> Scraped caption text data
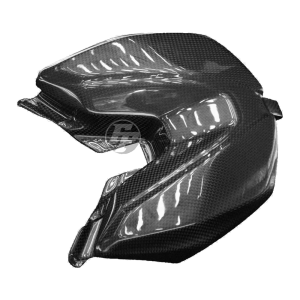 Preview: F&F Carbon Heckverkleidung, Carbon/Glasfaser – Ducati Hypermotard 950 2019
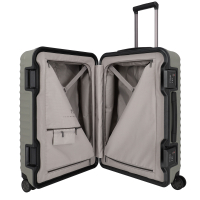 Titan 'Litron Frame' 4-Rad Trolley M 69cm mit TSA-Schloss 4,3kg 84l champagner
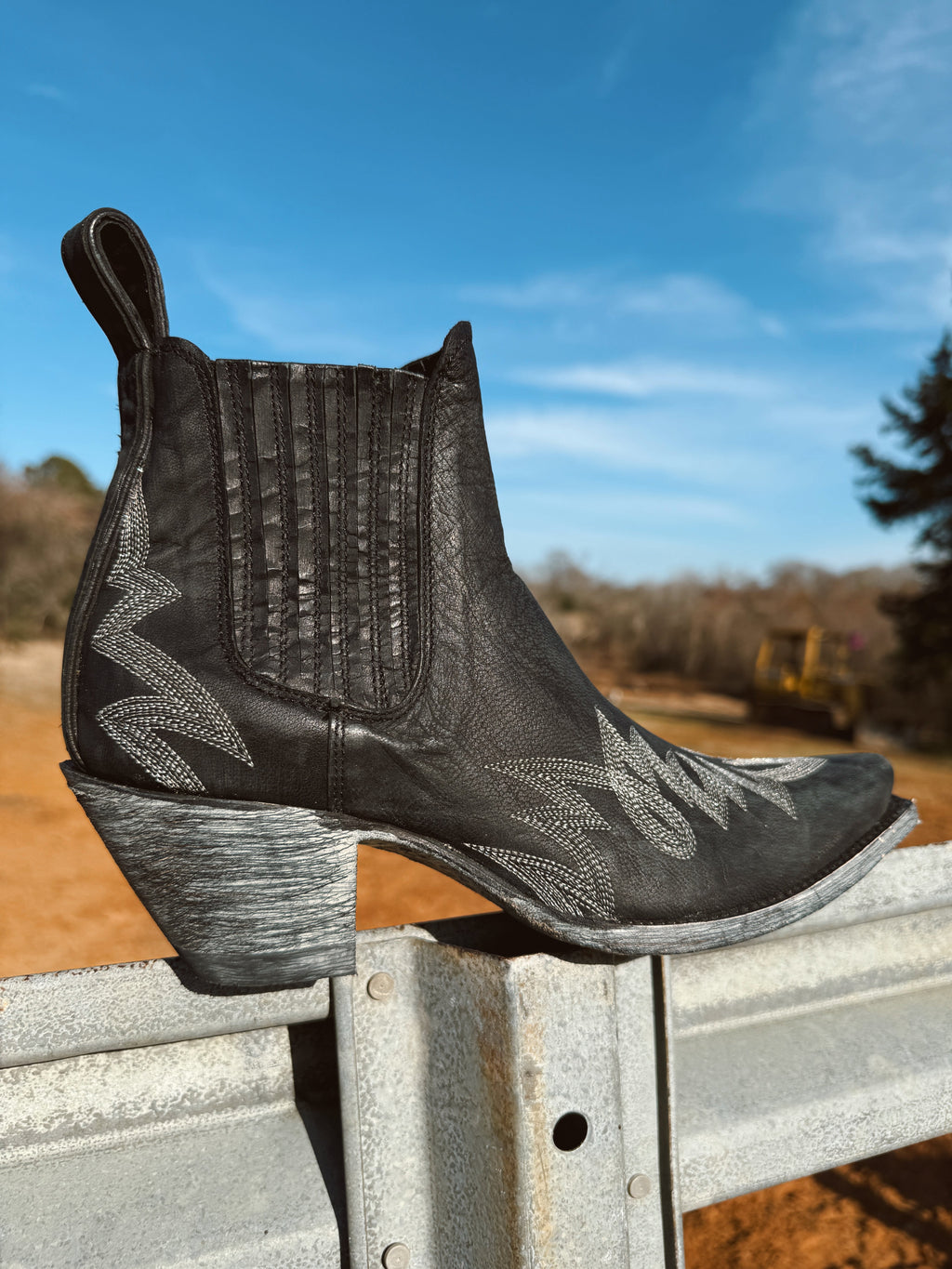 The Old Gringo Gaucho Bootie  - Rare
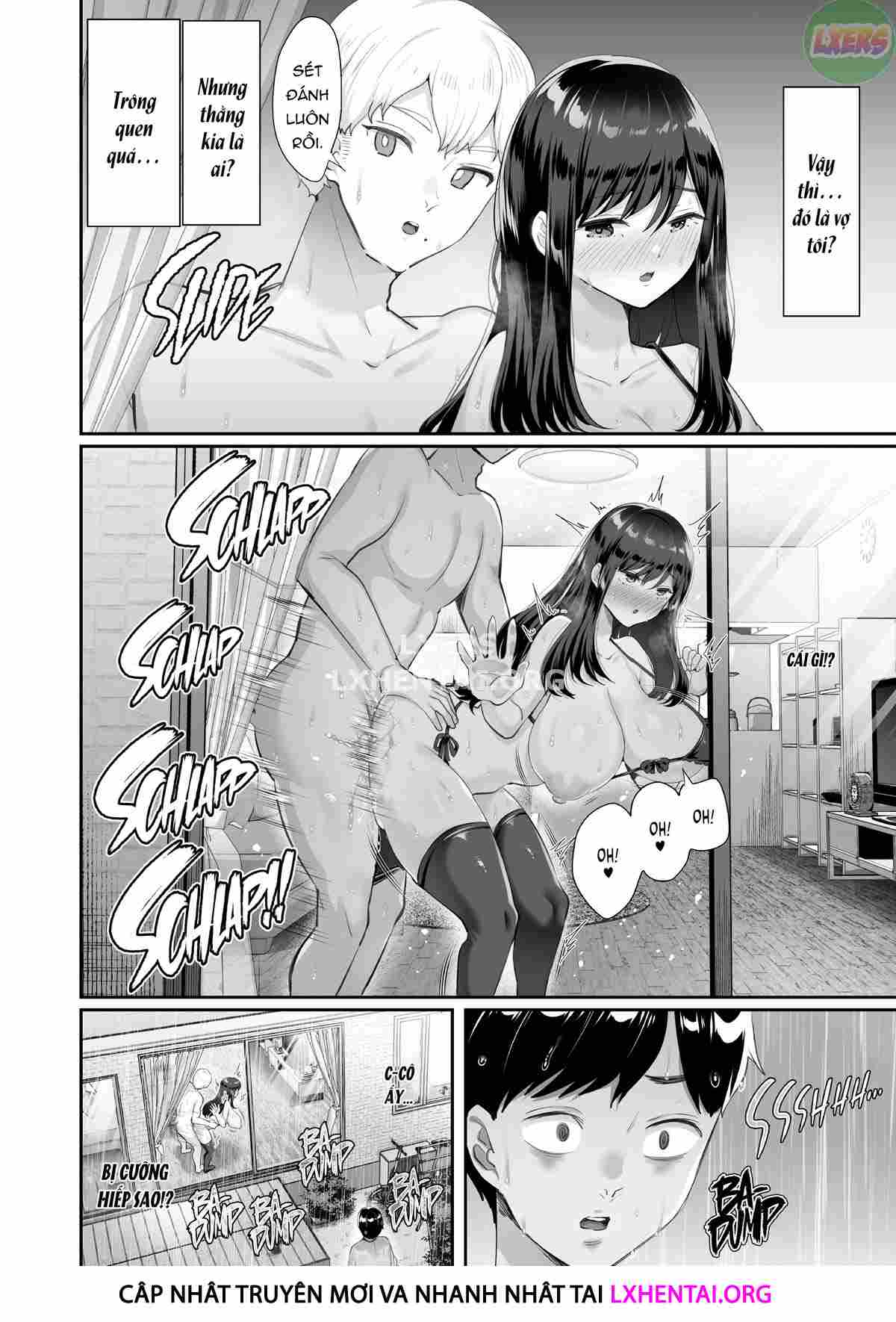 Đọc truyện hentai Stolen Treasure -The Truth Beyond the Window- - Oneshot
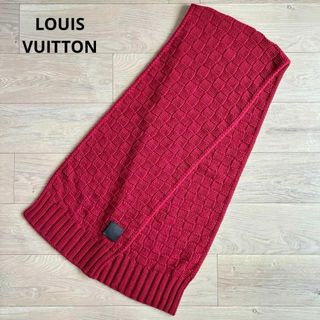 LOUIS VUITTON - ルイヴィトン エシャルプ・ヘルシンキ ダミエ LOUIS VUITTON - ルイヴィトン エシャルプ・ヘルシンキ ダミエ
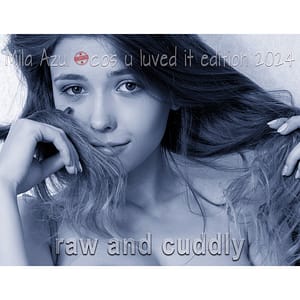 Mila Azul Calendar 2024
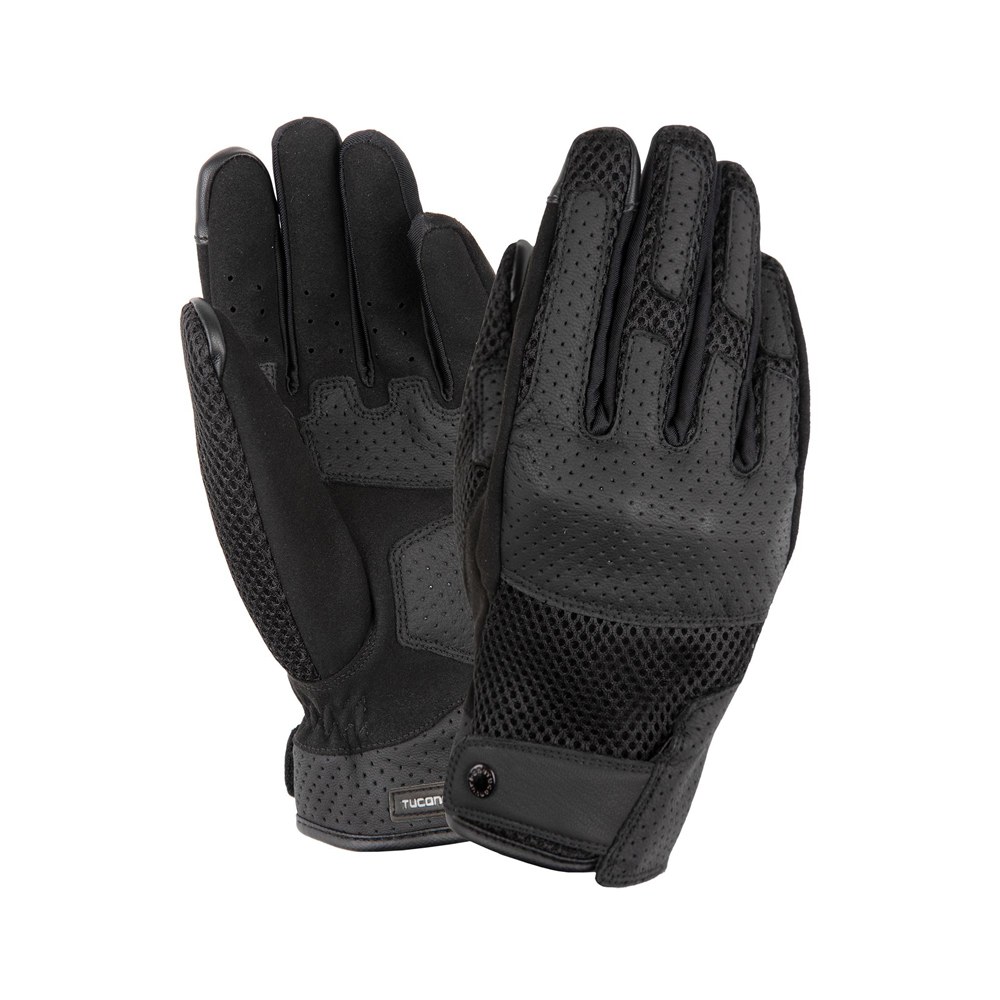 Φωτογραφία προϊόντος: Γάντια καλοκαιρινά Windy Gloves Black 9986HM | Tucano Urbano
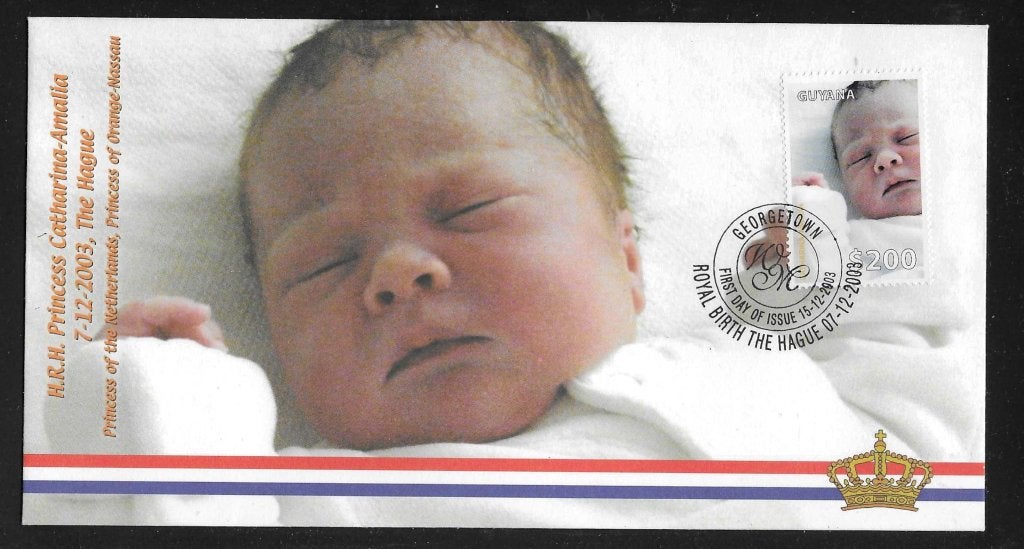 Guyana Michel FDC 7630, Ophalen of Verzenden, Gestempeld, Zuid-Amerika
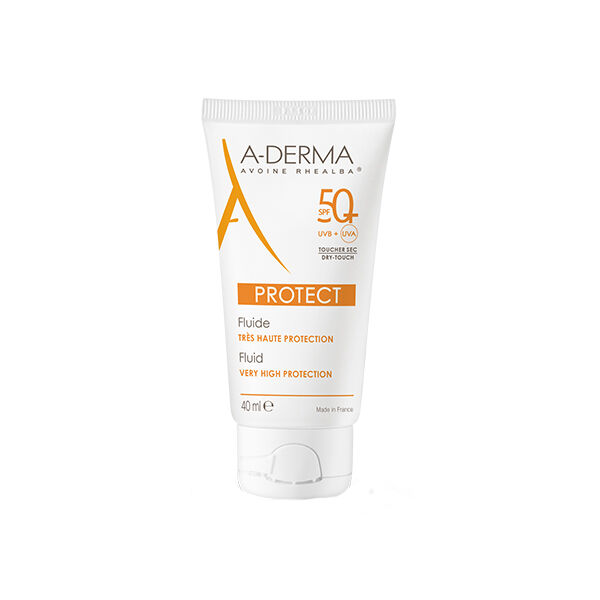 Aderma Protect AC Fluide Matifiant Très Haute Protection SPF50+ 40ml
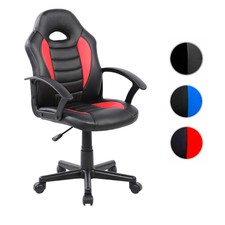 Silla Gaming Racing para Niños Escritorio Estudios Videojuegos Sillon Gamer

> Required work
Where pictures appear, drop them, and reproduce exactly only the lines running from the beginning of the data to the line that contains "Đọc truyện hentai", inclusive.

> Task solution
 Preview: F&F Carbon Heckverkleidung, Carbon/Glasfaser – Ducati Hypermotard 950 2019
 Titan 'Litron Frame' 4-Rad Trolley M 69cm mit TSA-Schloss 4,3kg 84l champagner
 The Old Gringo Gaucho Bootie  - Rare
 Đọc truyện hentai Stolen Treasure -The Truth Beyond the Window- - Oneshot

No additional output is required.